» **To do**:
Give again, exactly as written, the lines of the records below from the line with "Neutral asian young-adult" to the line with "ariel image of". Both end lines count; pictures do not.

▼▼▼

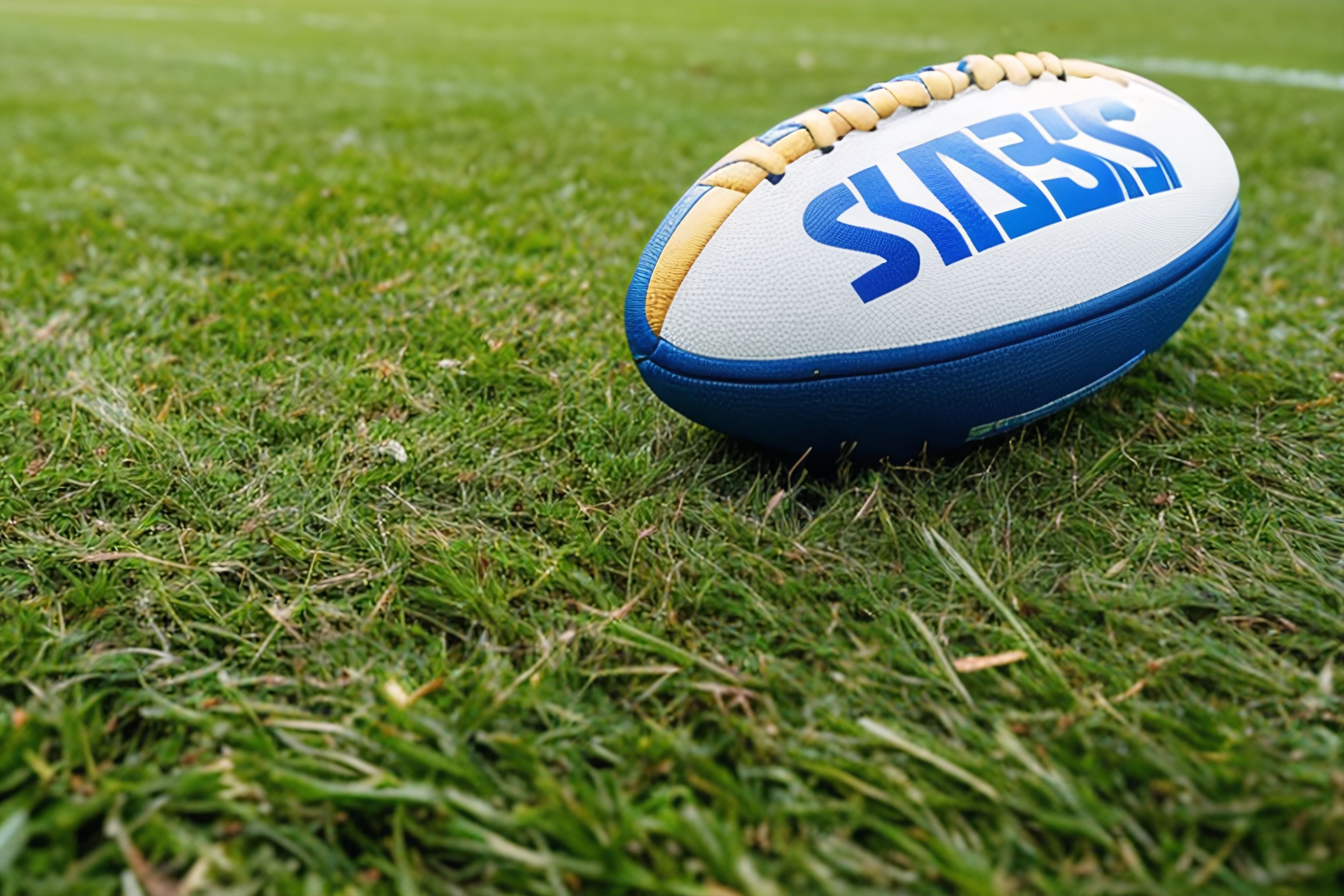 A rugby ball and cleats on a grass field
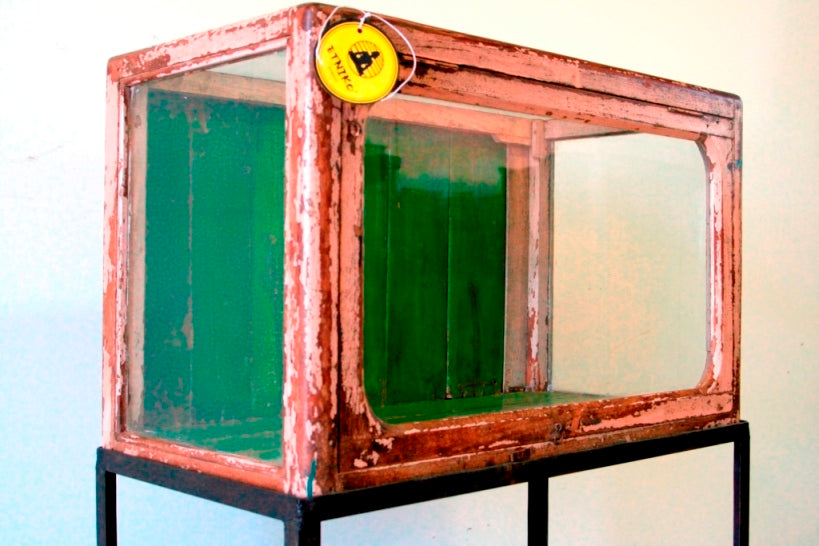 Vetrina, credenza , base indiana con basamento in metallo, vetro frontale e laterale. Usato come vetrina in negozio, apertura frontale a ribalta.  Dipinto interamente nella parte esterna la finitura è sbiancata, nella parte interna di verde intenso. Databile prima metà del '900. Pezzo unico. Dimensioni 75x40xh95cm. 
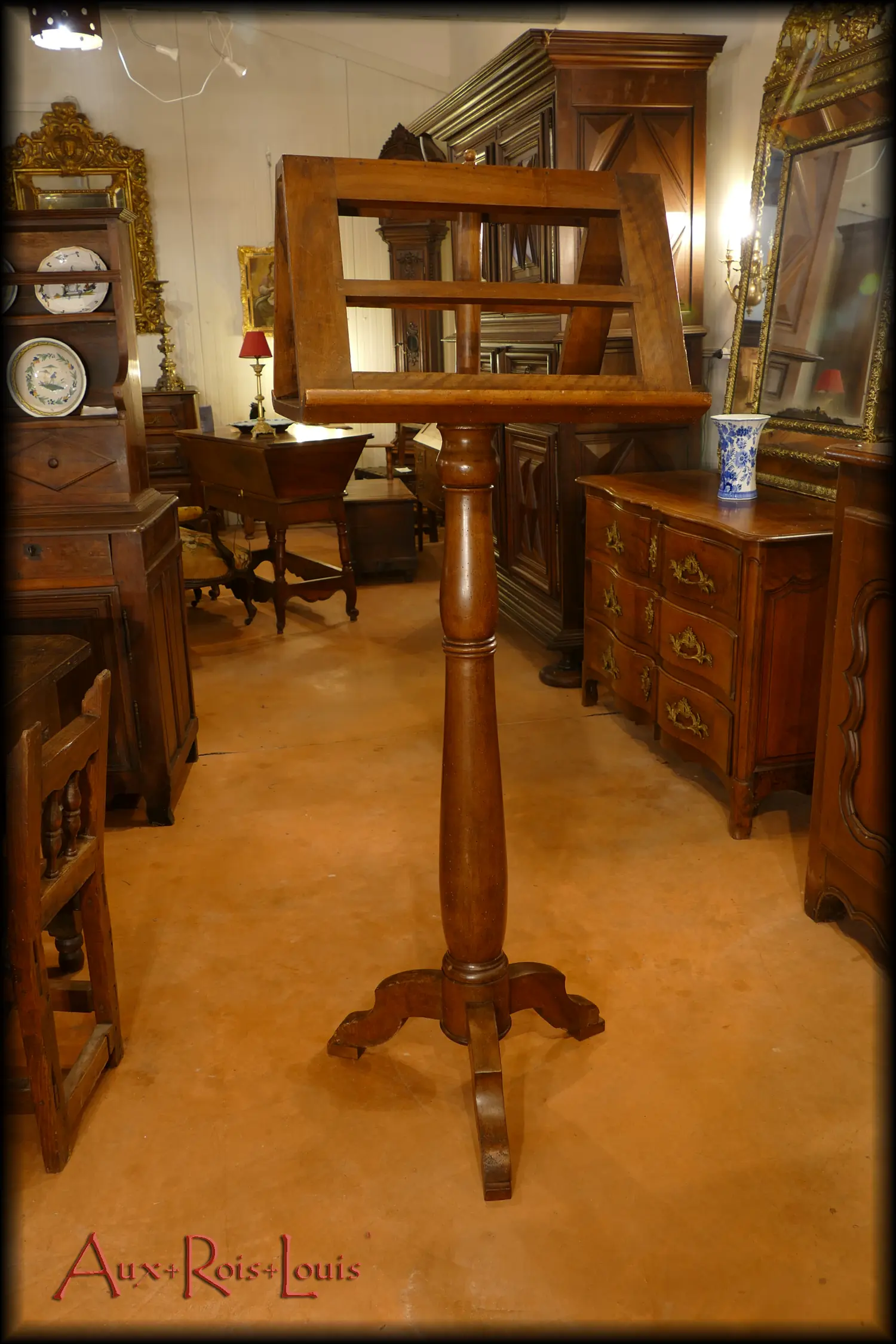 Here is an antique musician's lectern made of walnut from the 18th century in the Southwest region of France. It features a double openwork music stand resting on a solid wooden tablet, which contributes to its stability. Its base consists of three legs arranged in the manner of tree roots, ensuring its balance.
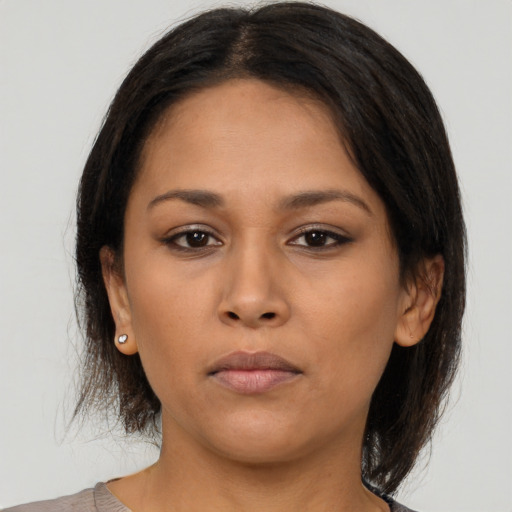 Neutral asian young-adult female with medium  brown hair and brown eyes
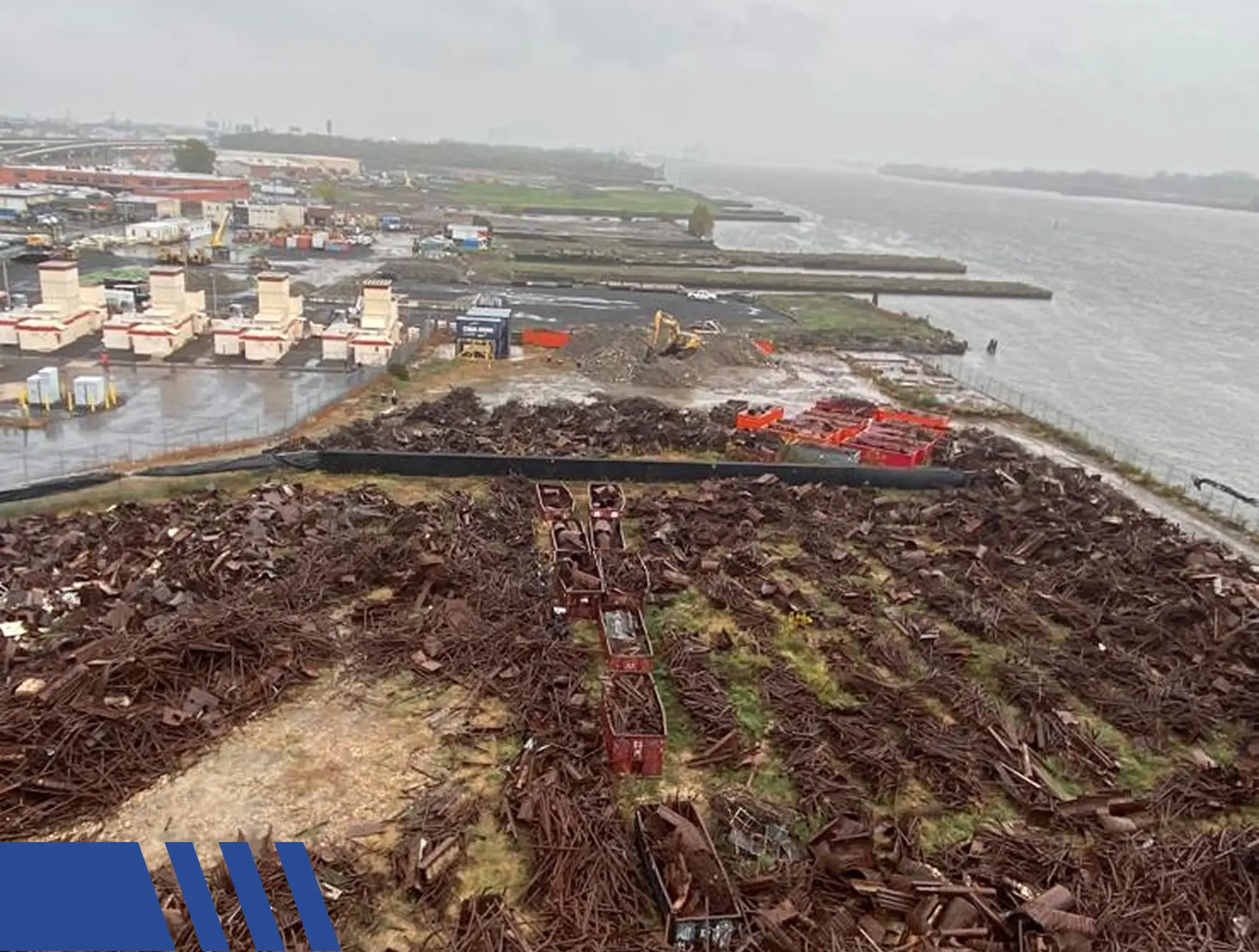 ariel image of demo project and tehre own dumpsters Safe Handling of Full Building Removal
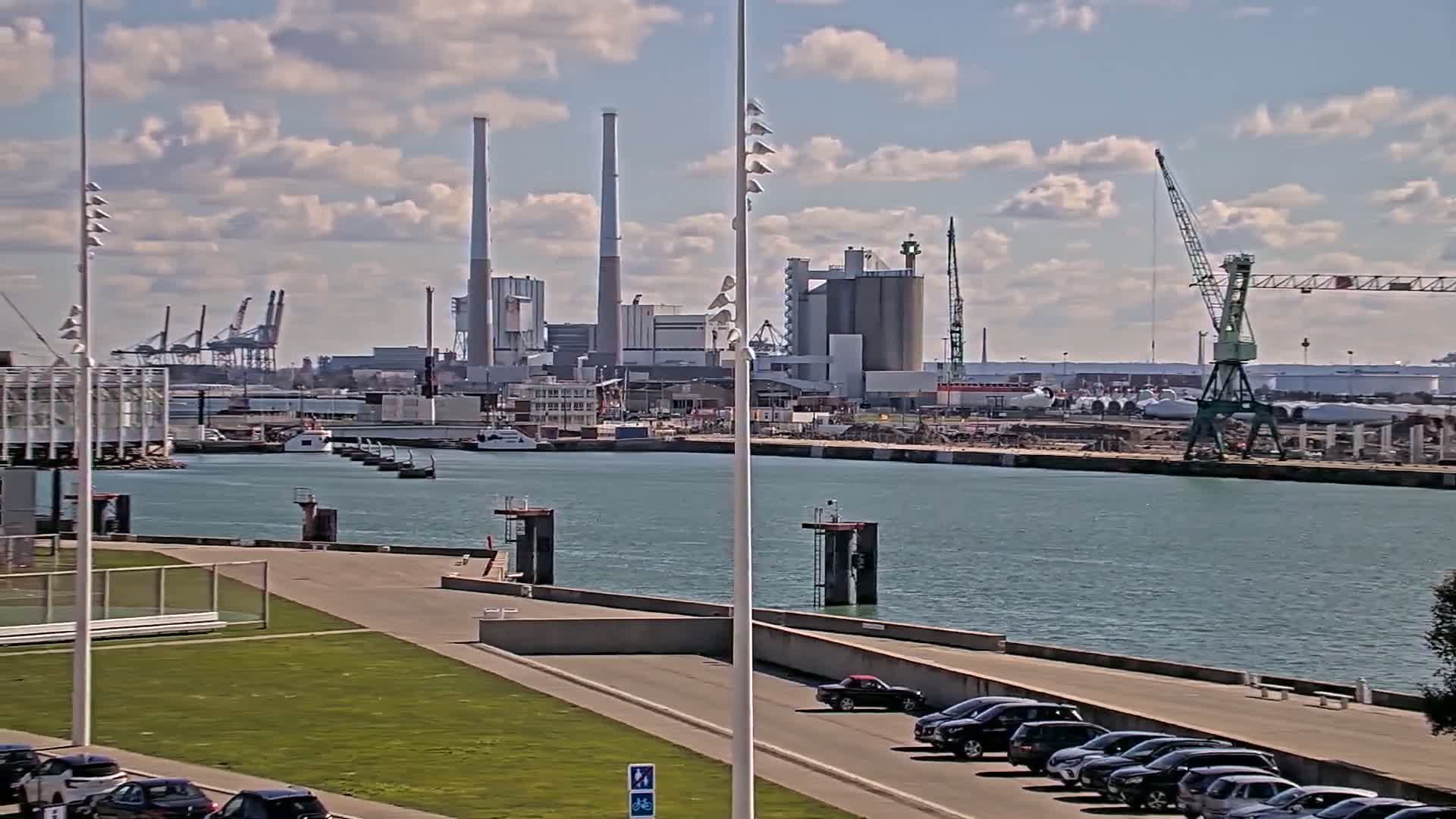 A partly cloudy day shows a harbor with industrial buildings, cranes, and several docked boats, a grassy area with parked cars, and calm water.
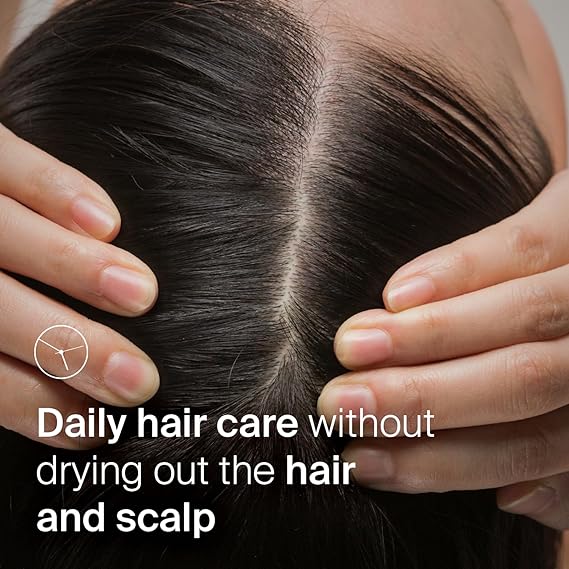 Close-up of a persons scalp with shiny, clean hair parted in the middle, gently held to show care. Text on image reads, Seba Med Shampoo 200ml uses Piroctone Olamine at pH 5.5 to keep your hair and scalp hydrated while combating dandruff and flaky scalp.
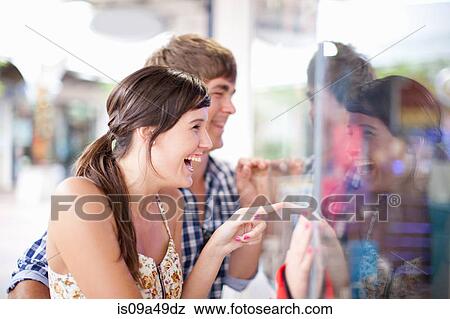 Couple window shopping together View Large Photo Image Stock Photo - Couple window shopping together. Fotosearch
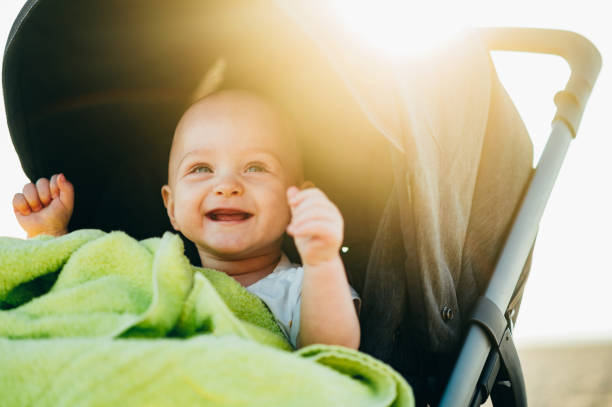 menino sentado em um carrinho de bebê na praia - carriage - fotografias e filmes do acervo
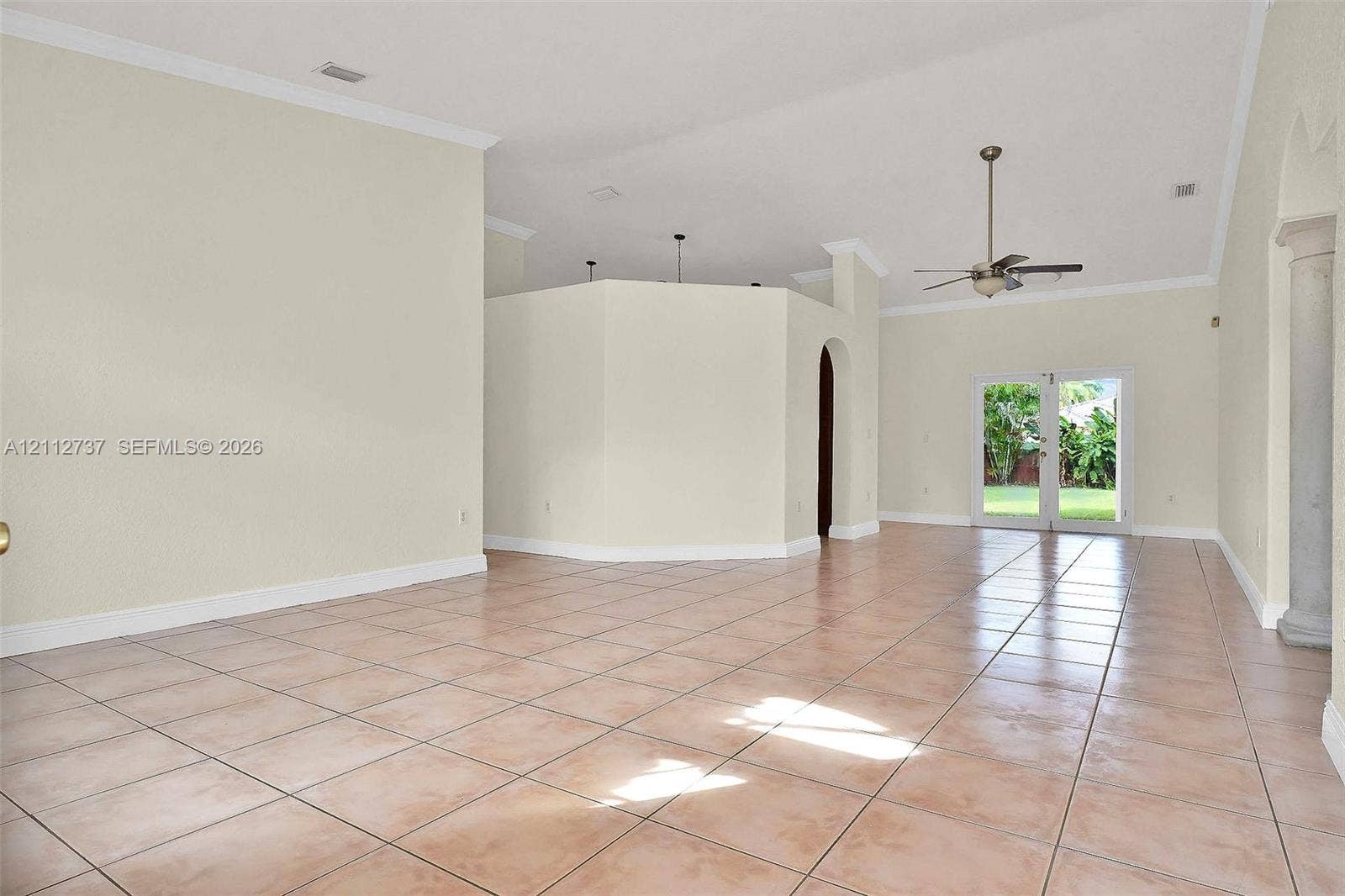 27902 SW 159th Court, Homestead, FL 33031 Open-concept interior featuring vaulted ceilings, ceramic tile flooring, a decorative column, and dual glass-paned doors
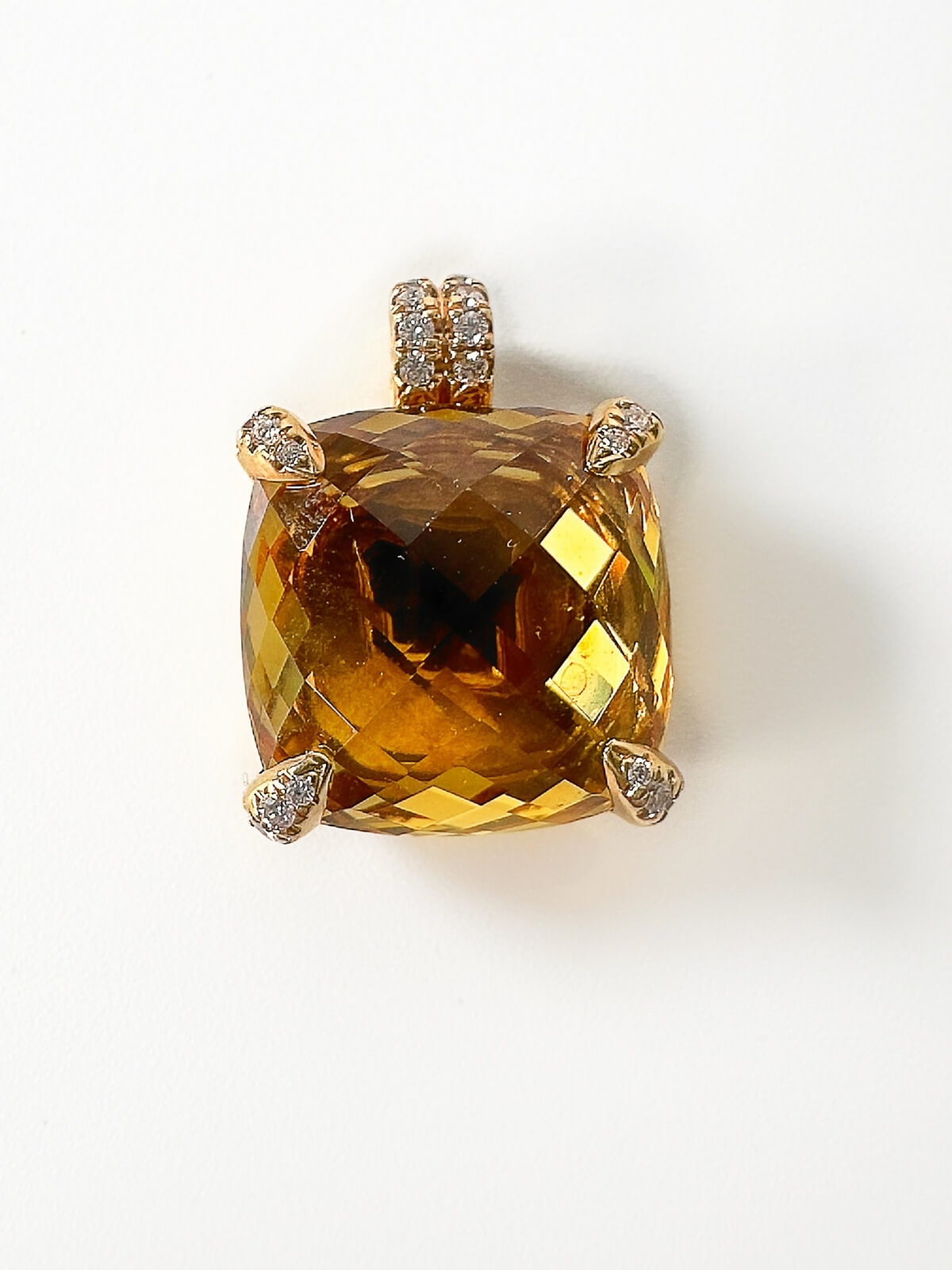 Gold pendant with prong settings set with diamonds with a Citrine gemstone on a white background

▲▲▲

» **Exercise output**:
 Neutral asian young-adult female with medium  brown hair and brown eyes
 ariel image of demo project and tehre own dumpsters Safe Handling of Full Building Removal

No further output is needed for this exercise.